Druidisme et Christianisme.

La victoire militaire n’a pas suffi aux Romains qui ont voulu détruire la moindre conscience collective ou vision du monde des vaincus en massacrant les officiants de cette religion.

Le Druidisme s’est alors transmis dans les campagnes avec des résurgences parfois dans le Christianisme à travers certains rites comme la confession, le système monastique, mais aussi dans les contes, les histoires hagiographiques de saintes et de saints pour traverser le filtre des autorités…

Les dieux et les déesses sont devenus des saints et ont continué à être priés et honorés sous d’autres habits. Ainsi la Déesse Brigitte en particulier est devenue Sainte Brigitte et est honorée partout où les Celtes sont allés par la suite. Il est vraisemblable que celle qu’on honore maintenant comme Sainte Brigitte de Kildare (Cill Dara : Église des Chênes) était la grande prêtresse de la Déesse et qu’on honore la déesse de l’ancienne religion à travers elle.

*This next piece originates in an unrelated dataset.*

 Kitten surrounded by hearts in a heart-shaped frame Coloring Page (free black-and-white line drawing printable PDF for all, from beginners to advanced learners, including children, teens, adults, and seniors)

Son nom vient de Brig qui signifie l’Exaltée ou la Grande Dame.

Le territoire.

Île-Grande, Pleumeur-Bodou, France

Photo by tangi bertin on Unsplash

Les humains (mot qui vient du mot humus) quand ils s’établissent, explorent le peu de territoire qu’ils occupent. Donc le peu de terre quadrillée par rapport à l’immensité des continents qu’ils parcouraient jusqu’alors. Ils vivent en intelligence avec les animaux qui le peuplent, chassant toujours plus loin les prédateurs.

Car le territoire pour ces gens était tissé de repères. Également chargés d’histoires répétées au cours de veillées, enrichis de noms évocateurs de faits passés. Chacun était dépositaire d’une carte mentale tissée de sensations et d’histoires. Ainsi que de souvenirs, transmis de génération en génération, embellis et en résonance avec les hauts faits, les mythes et les légendes. Puis les petites histoires se mêlaient avec la grande histoire. Celle des dieux, le proche se mêlant à l’ailleurs mystérieux.

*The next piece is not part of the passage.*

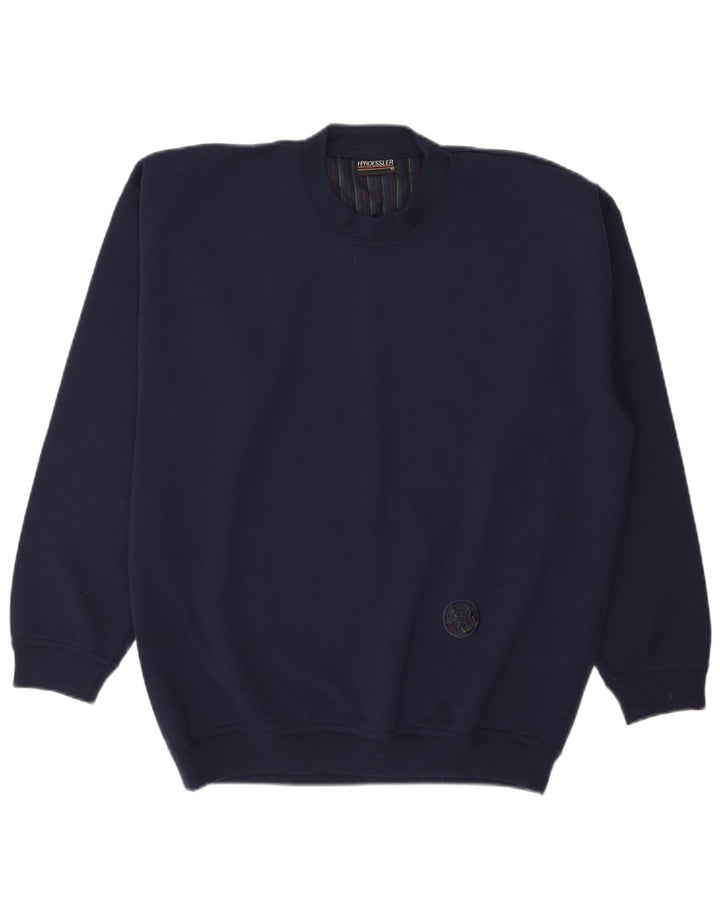 Maglione maglione girocollo da uomo vintage EU 52 grande poliacrilico blu navy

Des batailles sont revécues, remembrances des mythes anciens mêlant les dieux et les déesses ainsi que les super héros. Brigitte tisse ce manteau énergétique qui recouvre le territoire. Ainsi elle relie les êtres vivants du territoire, les rochers et les humains. Sur cette carte le moindre champ a un nom. Ces lieux côtoyés au quotidien ravivent par leur nom les mythes et les faits, les malaxant pour en faire une matière d’histoires vivantes. Le quotidien est peuplé d’imaginaire et de culturel, cette matière qui crée le lien et qui maintient tout ce monde d’un seul tenant malgré sa diversité.

Toponymie bretonne.

André Cornec a écrit une thèse Microtoponymie du canton de Briec où il répertorie vingt mille noms de champs.

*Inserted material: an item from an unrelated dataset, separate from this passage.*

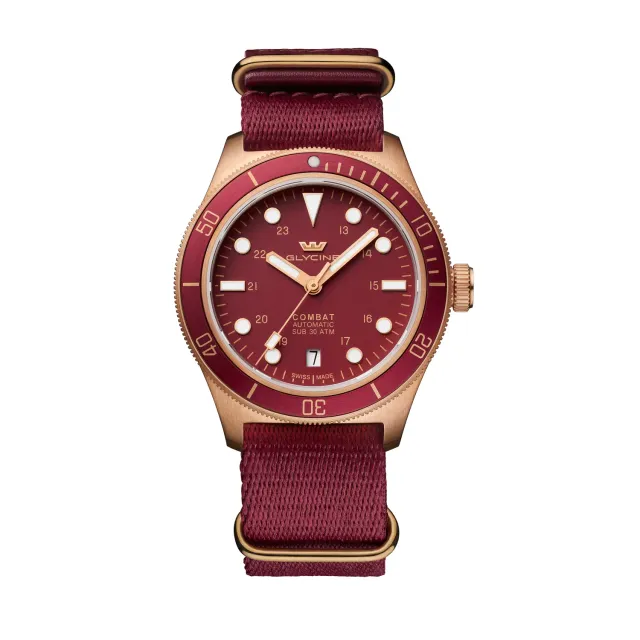 Glycine Combat Sub Sport GL0520 Automatikuhr bordeaux 39mm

Voyez une carte de l’île de Bréhat que je connais, le moindre rocher même recouvert à marée haute a un nom ou encore l’Île Grande. Car le nom crée le lien entre l’humain et son territoire. En fait ce microcosme qu’est le territoire local est un reflet du monde. Par exemple, les récits de navigation comme la navigation de Bran comme celle d’Ulysse pour les Grecs sont des précis de navigation. Ces histoire véhiculent les mythes et en même temps remplacent les cartes. Ces mythes en retour s’incarnent en local. Par exemple, un îlot deviendra une île et les oiseaux, des fées. Le territoire est un support pour l’imagination et le moindre détail est encodé de mythes.

Et remembrement …

Le remembrement a participé de tuer la langue bretonne et le gallo, effaçant comme sur une ardoise les noms de chaque lieu, chaque champ.

Le manteau de Brigitte est cette trame de l’esprit, de lumière qui relie la Communauté dont font partie les rochers, la terre, les végétaux et la faune sans compter les ancêtres, les esprits, les dieux et déesses.

Je regarde vers cette nouvelle aube où les humains retisseront le lien avec les animaux, les arbres, les reliefs du terrain, les monolithes et reformeront une communauté avec le paysage.